**Exercise brief**
Among the entries below, only the lines from the one with "There are so" through the one with "So if you have" are wanted, reproduced exactly. Pictures are not wanted.

**Stored data**
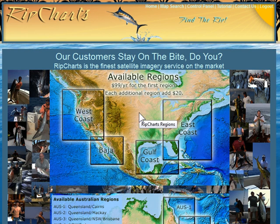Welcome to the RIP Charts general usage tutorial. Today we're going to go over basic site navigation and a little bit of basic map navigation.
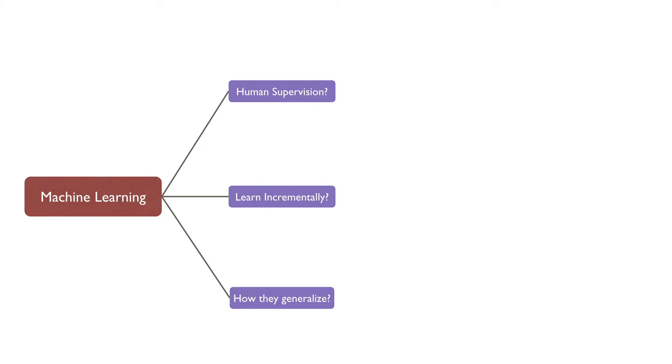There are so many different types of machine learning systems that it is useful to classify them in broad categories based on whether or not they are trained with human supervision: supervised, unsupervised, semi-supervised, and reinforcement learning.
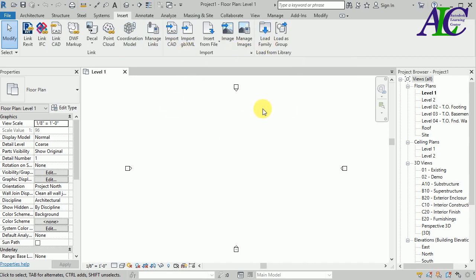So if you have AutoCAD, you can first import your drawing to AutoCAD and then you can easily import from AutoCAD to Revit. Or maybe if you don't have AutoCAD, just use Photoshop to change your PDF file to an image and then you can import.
---
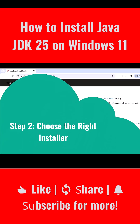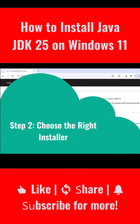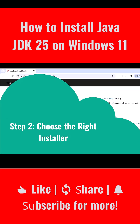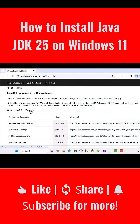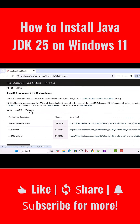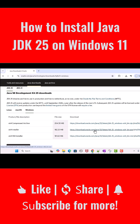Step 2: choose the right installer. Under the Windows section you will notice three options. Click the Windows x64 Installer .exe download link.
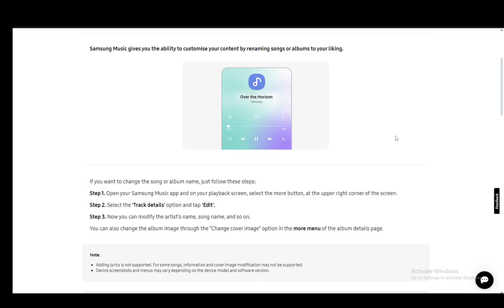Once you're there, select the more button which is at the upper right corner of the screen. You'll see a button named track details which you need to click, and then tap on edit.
---
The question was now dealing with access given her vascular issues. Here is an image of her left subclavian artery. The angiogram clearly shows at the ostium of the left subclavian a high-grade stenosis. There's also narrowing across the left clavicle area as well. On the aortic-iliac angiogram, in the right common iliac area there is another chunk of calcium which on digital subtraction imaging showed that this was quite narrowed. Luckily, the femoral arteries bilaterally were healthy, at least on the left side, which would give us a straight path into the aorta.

**Solution below**
There are so many different types of machine learning systems that it is useful to classify them in broad categories based on whether or not they are trained with human supervision: supervised, unsupervised, semi-supervised, and reinforcement learning.
So if you have AutoCAD, you can first import your drawing to AutoCAD and then you can easily import from AutoCAD to Revit. Or maybe if you don't have AutoCAD, just use Photoshop to change your PDF file to an image and then you can import.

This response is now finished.